What you need to do.
Only the lines from the one containing "And that's how" to the end of the data below belong in the answer, each repeated exactly; no pictures.

Extracted information.
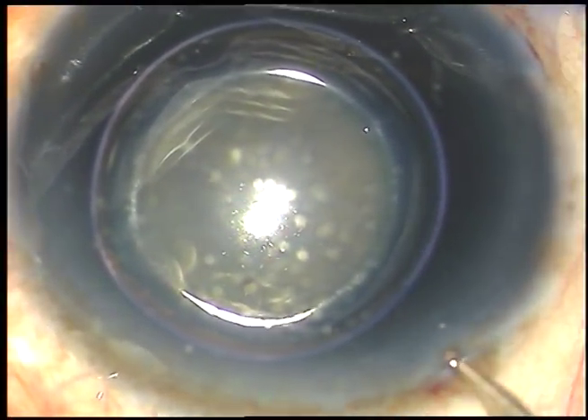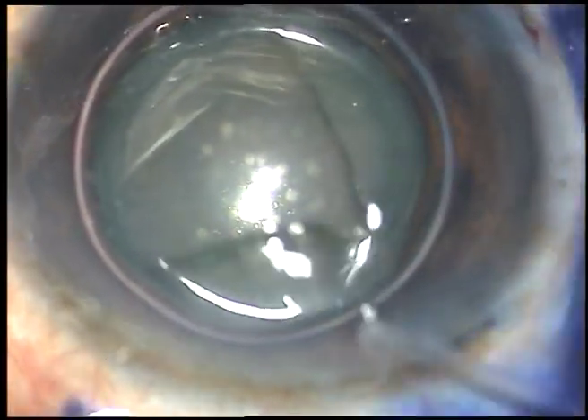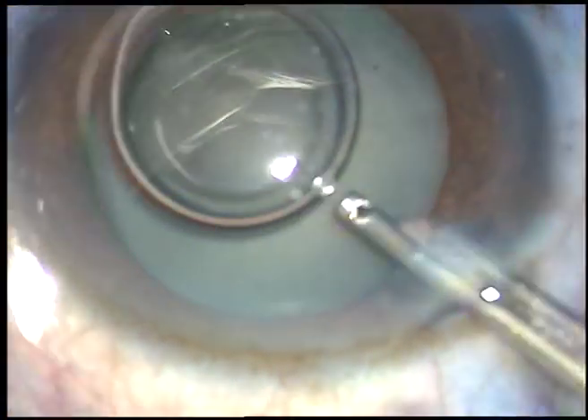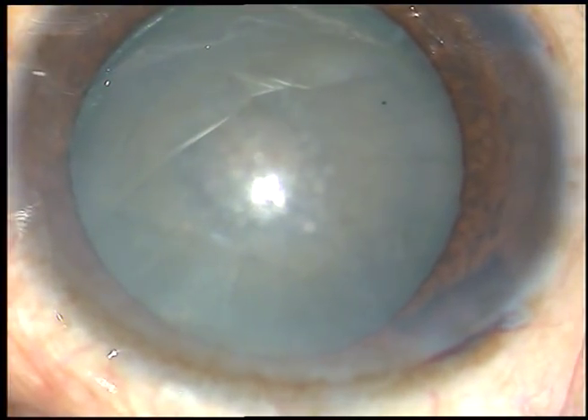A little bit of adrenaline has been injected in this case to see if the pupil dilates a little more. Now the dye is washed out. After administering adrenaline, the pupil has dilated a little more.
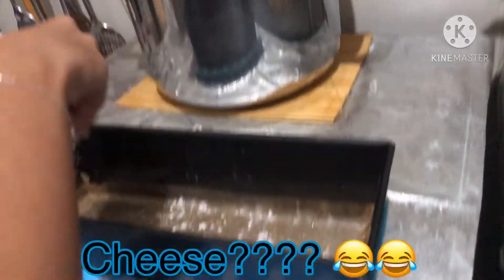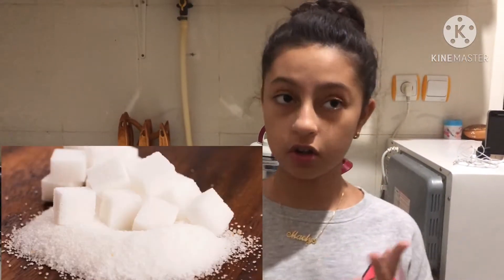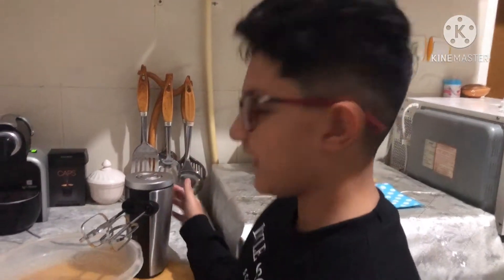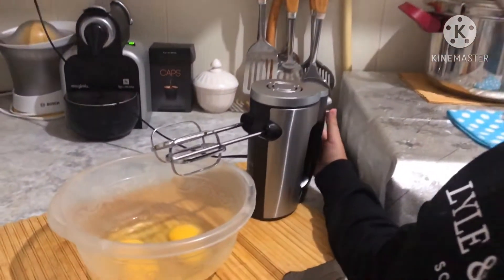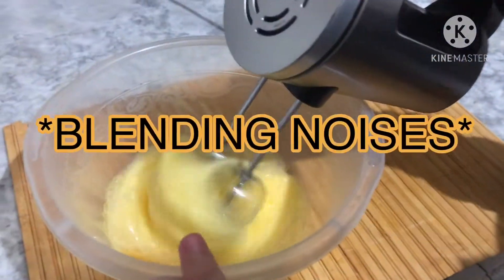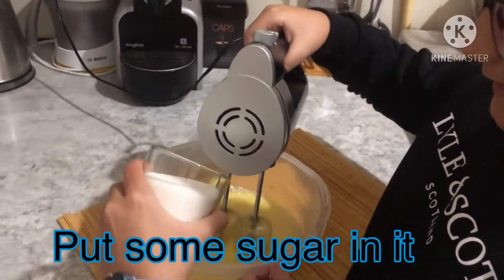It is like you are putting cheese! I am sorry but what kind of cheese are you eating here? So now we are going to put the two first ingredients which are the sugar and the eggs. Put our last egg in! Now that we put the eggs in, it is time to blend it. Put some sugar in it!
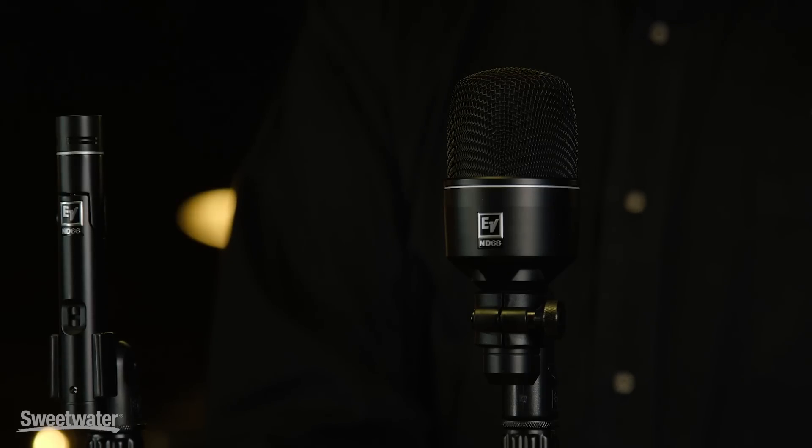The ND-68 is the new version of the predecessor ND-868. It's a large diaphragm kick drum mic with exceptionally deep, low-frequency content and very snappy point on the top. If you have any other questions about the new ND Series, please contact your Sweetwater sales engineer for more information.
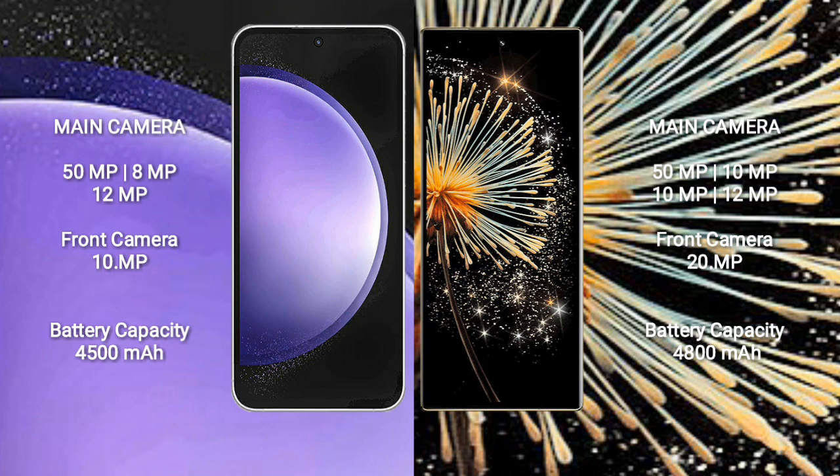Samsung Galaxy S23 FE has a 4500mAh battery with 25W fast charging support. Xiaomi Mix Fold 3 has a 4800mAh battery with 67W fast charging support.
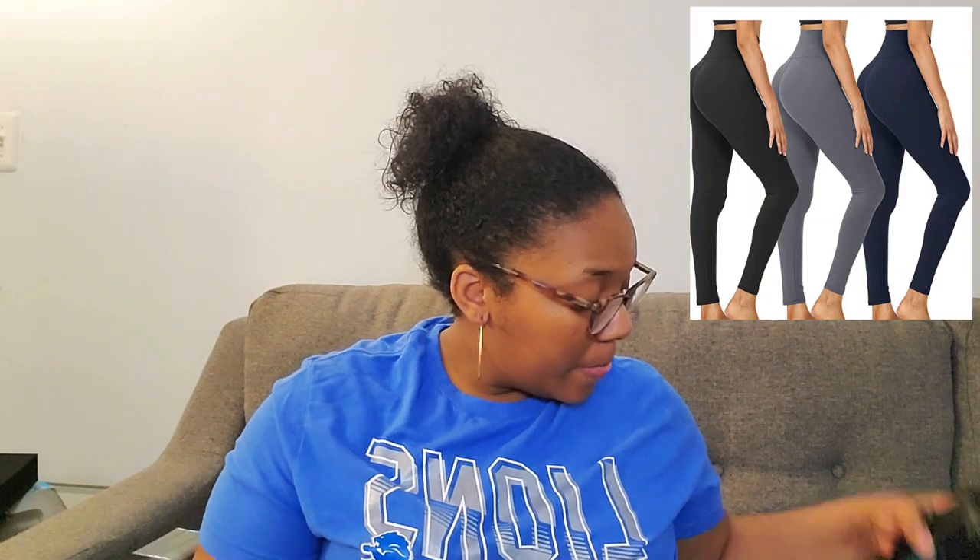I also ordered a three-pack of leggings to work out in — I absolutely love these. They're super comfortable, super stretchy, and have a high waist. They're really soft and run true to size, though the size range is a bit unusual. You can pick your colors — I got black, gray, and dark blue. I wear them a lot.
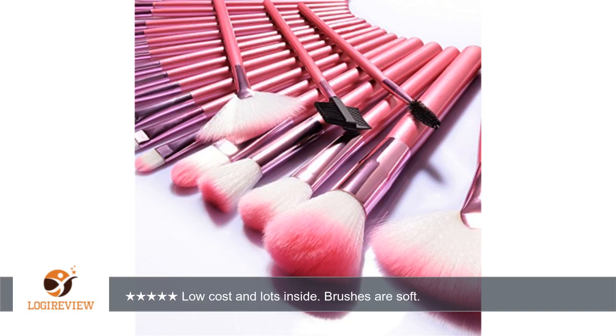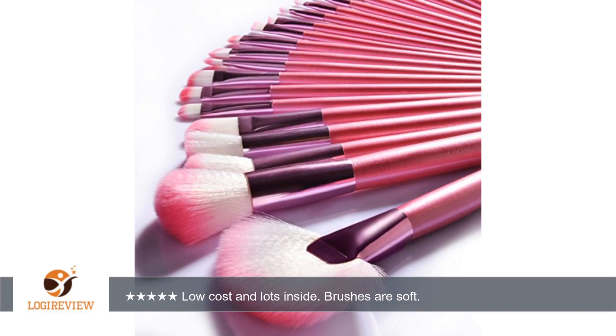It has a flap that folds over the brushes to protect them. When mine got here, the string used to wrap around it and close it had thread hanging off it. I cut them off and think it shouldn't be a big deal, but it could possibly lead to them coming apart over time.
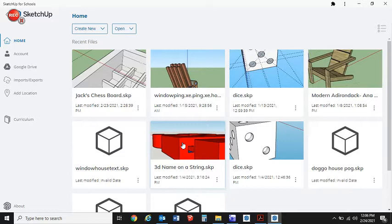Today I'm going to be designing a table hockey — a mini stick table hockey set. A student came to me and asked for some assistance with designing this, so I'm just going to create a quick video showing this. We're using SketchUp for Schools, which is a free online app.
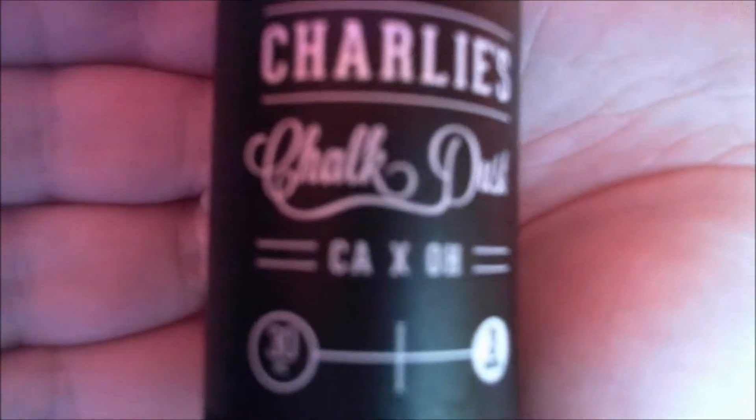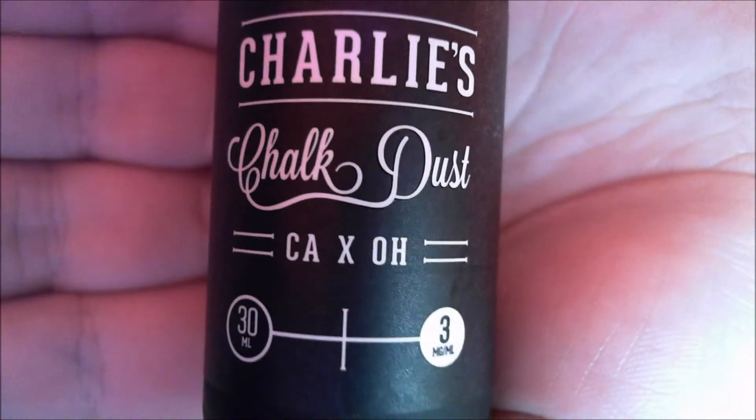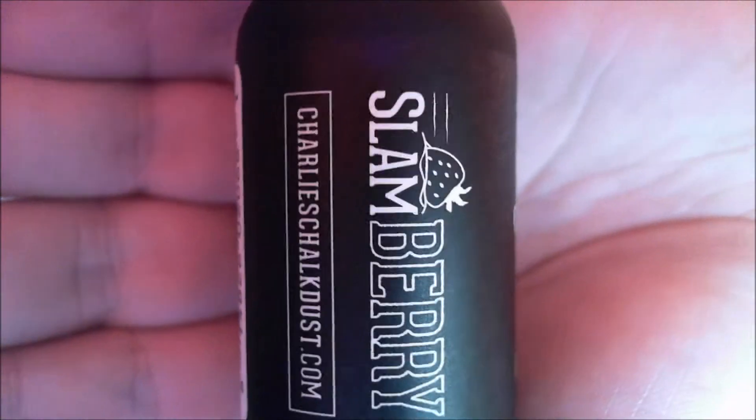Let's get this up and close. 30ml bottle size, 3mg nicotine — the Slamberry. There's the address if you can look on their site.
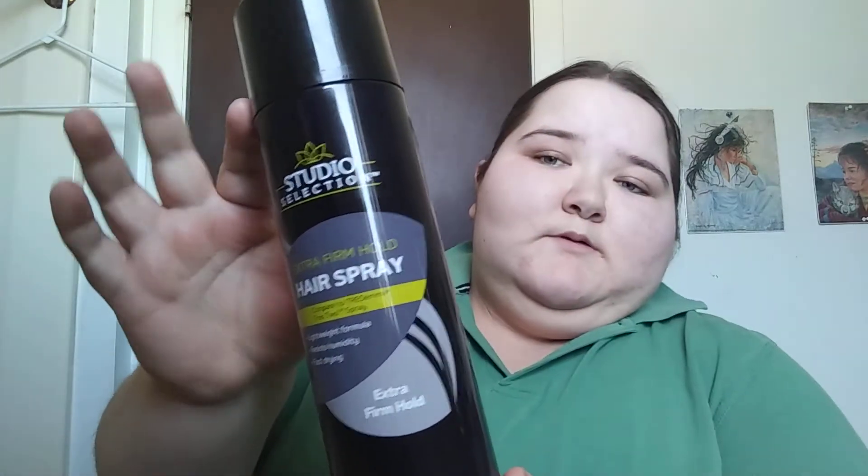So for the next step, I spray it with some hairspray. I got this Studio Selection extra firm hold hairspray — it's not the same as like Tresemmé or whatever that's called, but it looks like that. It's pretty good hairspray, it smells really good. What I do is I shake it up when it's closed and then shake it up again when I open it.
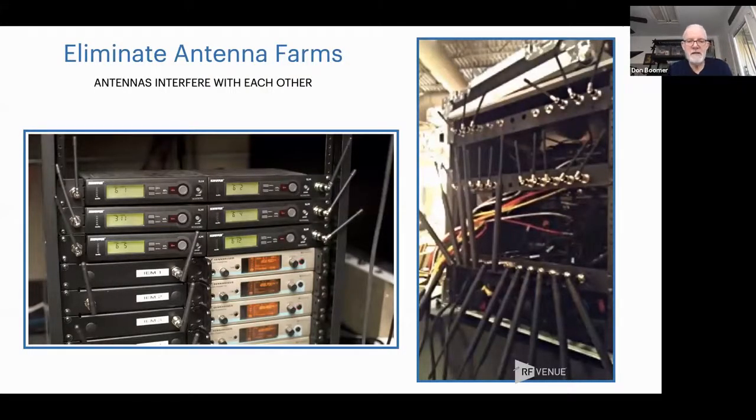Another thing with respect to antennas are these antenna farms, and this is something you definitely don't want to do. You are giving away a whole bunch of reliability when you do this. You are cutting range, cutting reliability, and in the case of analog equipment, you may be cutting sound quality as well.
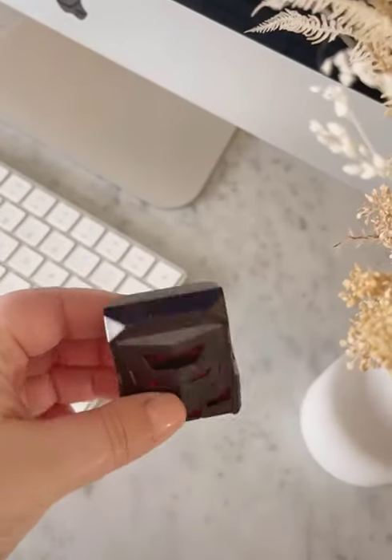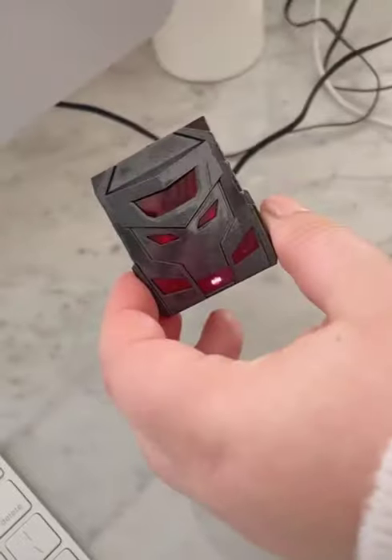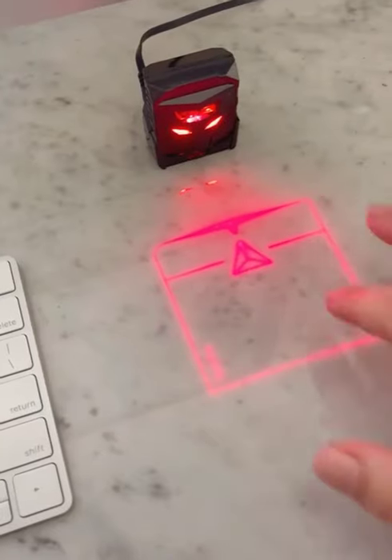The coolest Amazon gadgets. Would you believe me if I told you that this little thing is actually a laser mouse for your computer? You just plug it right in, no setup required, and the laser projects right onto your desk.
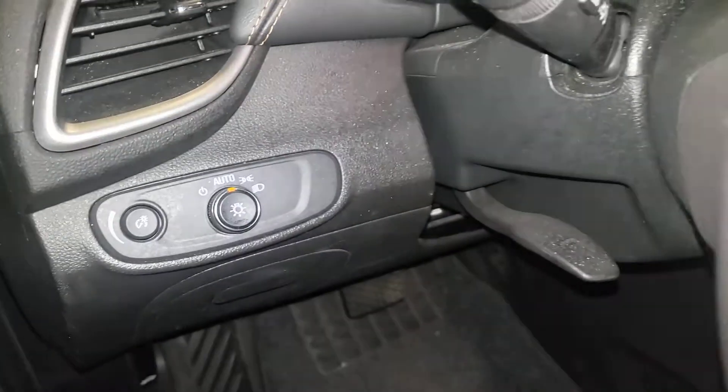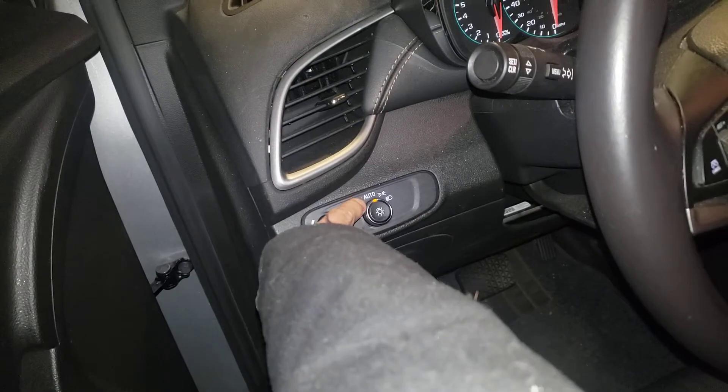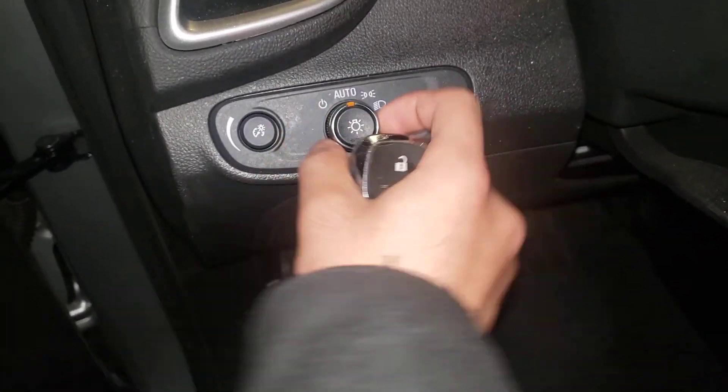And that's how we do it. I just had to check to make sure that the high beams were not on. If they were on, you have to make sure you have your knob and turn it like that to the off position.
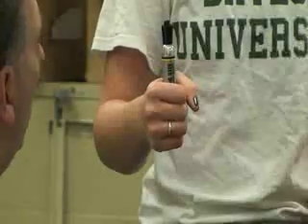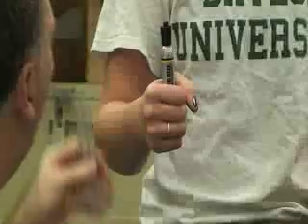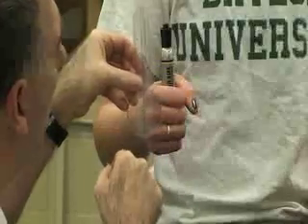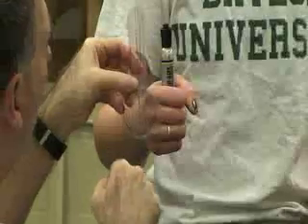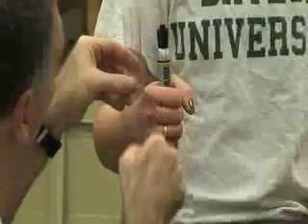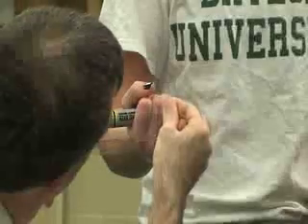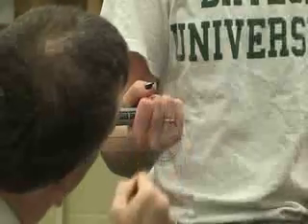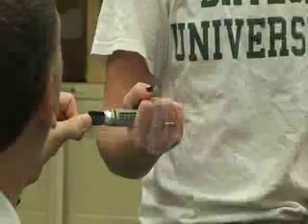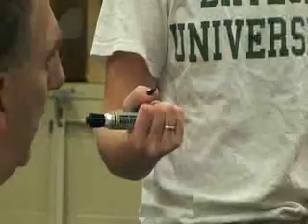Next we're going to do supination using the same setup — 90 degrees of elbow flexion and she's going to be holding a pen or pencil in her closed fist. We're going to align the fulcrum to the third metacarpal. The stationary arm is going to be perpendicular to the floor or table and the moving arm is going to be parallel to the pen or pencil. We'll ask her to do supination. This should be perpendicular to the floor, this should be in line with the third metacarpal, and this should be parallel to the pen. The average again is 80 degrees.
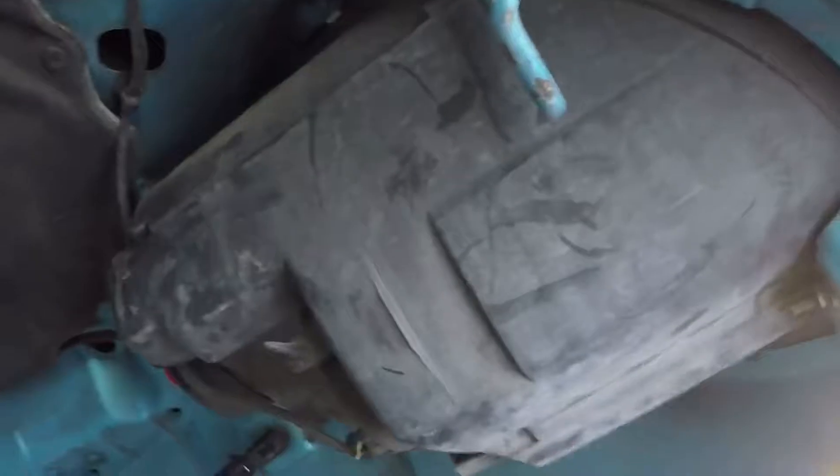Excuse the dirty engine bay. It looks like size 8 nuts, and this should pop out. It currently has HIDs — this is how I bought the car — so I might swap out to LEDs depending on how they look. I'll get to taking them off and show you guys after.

Written answer.
And that's how we do it. I just had to check to make sure that the high beams were not on. If they were on, you have to make sure you have your knob and turn it like that to the off position.
Next we're going to do supination using the same setup — 90 degrees of elbow flexion and she's going to be holding a pen or pencil in her closed fist. We're going to align the fulcrum to the third metacarpal. The stationary arm is going to be perpendicular to the floor or table and the moving arm is going to be parallel to the pen or pencil. We'll ask her to do supination. This should be perpendicular to the floor, this should be in line with the third metacarpal, and this should be parallel to the pen. The average again is 80 degrees.
Excuse the dirty engine bay. It looks like size 8 nuts, and this should pop out. It currently has HIDs — this is how I bought the car — so I might swap out to LEDs depending on how they look. I'll get to taking them off and show you guys after.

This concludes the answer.